_Exercise aim_
Skip pictures in the listing below; copy exactly the lines from the one with "鸳鸯锅-钢管厂五区小郡肝火锅串串香(总店)" through the one with "Expelled Tennessee State", inclusive.

_Information given_
'''

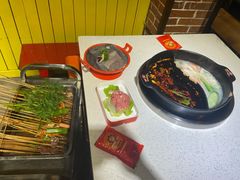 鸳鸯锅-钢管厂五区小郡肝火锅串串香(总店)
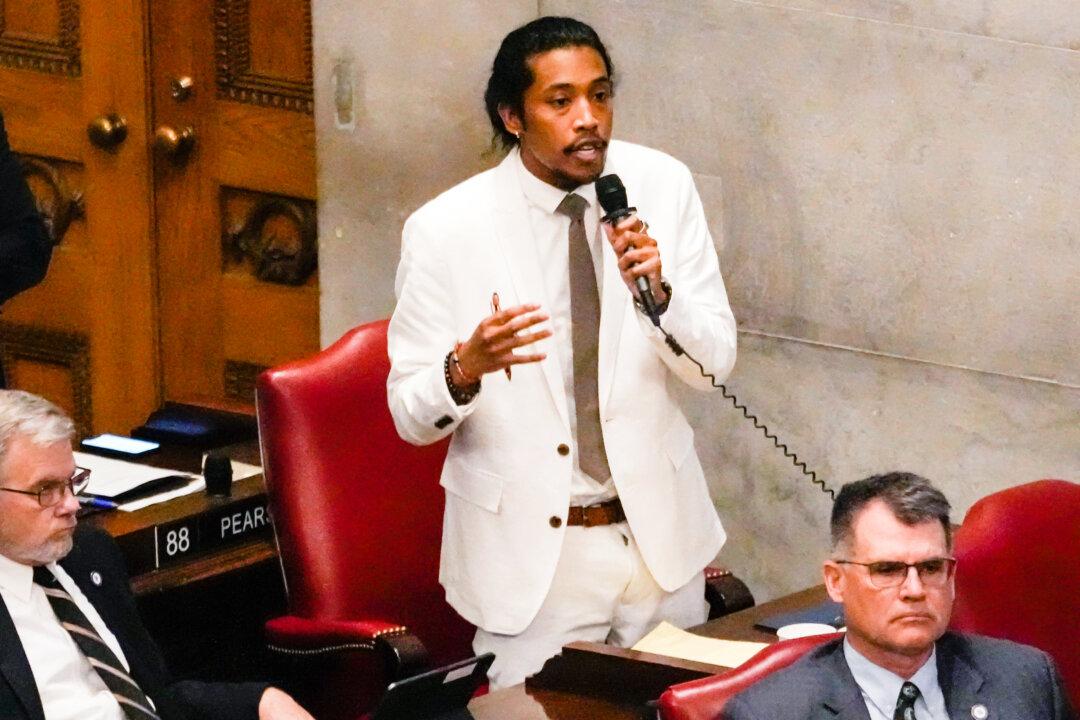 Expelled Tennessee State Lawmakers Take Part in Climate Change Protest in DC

'''
'''

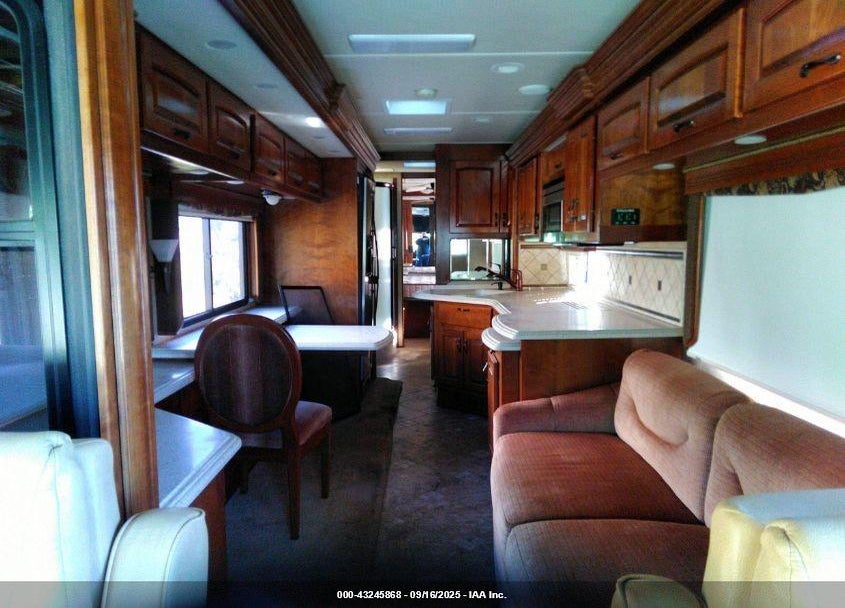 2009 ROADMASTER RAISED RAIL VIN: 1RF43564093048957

'''

_Problem solution_
 鸳鸯锅-钢管厂五区小郡肝火锅串串香(总店)
 Expelled Tennessee State Lawmakers Take Part in Climate Change Protest in DC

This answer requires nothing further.